FRBは極めてハト派的なスタンスに旋回、弊社や市場にはサプライズとなった。1月FOMCの声明では、FRBが「辛抱する」ことを明示して、「ある程度の追加利上げを徐々に進める」という文言が削除された。これでリスクバランスが下方に傾いていることを示唆するともに、「今後の調整が何か」を決める際に辛抱強くなることが適切かも知れないと述べ、次の金利の動きを対称的にした。FRBは、これが十分にハト派的なメッセージとは受け止められないことを避けるために、声明のバランスシート正常化に関する部分も更新、 基本的にはバランスシート縮小が見込みより早くなると示した。パウエル議長も記者会見ではハト派的な発言を示した。弊社は現時点では、2019年は25BP利上げが(6月と9月の)2回実施される、という見方を変えない。だが1月FOMCの結果、今年の利上げが1回に留まる方向にリスクが明らかに傾いた。率直に言って弊社は、1月FOMCと記者会見を終えて、今年中にFRBが1回の利上げを行うかどうかも、いまや経済指標次第になったと考えている。

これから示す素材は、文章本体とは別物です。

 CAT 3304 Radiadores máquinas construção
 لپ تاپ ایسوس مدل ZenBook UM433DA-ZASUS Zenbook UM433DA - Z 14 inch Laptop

●英国経済(2/4):BOEプレビュー…政策変更は無いとみるのが自然

英国BOEのMPC(金融政策委員会)は、ブレグジットが円滑に進むという穏当な前提を置かなくてはならないが、ブレグジットへのプロセスが英国に混乱をもたらす中で、それに対する疑問が強まっている。弊社は、MPCには(政策を進めるために他のことも把握しながら)それ以外に選択肢が無いことを理解している。また実際の状況が、MPCの判断に影響することにもなろう。したがって、(労働市場タイト化やそれがインフレに及ぼすインパクトが、繰返して懸念されてはいるが)今週末の政策決定会合で政策の変更が無いことは、非常に明白である。なおGDP成長率やインフレ動向の予測が、予測対象期間の前半で下方修正される見込みだ。

●英国経済(2/1):ブレグジット メイ首相は苦境を脱していない

英国のメイ首相は、自身が反対していたブレグジット修正案が否決され、 (アイルランド国境のバックストップを代替案で置換える)ブレイディ氏が提示した修正案は可決されたことで、安心感や心強さを覚えるだろう。メイ首相はブリュッセルに向かい、離脱協定を修正あるいは破棄するよう、EU27カ国を説得すると見込まれる。今回が弊社の最終分析となるが、従来と同じく、何らかの解決策が見つかると考えている。EU27カ国が譲歩して、英国のDUP(民主統一党)や保守党のハードブレグジット派も同意するとみられるためだ。だが前途はまだまだ遠い。弊社は、英国がEU基本条約第50条(ブレグジット期日)の延期を遠くないうちに要請して、EU27カ国がそれに同意すると見込んでいる。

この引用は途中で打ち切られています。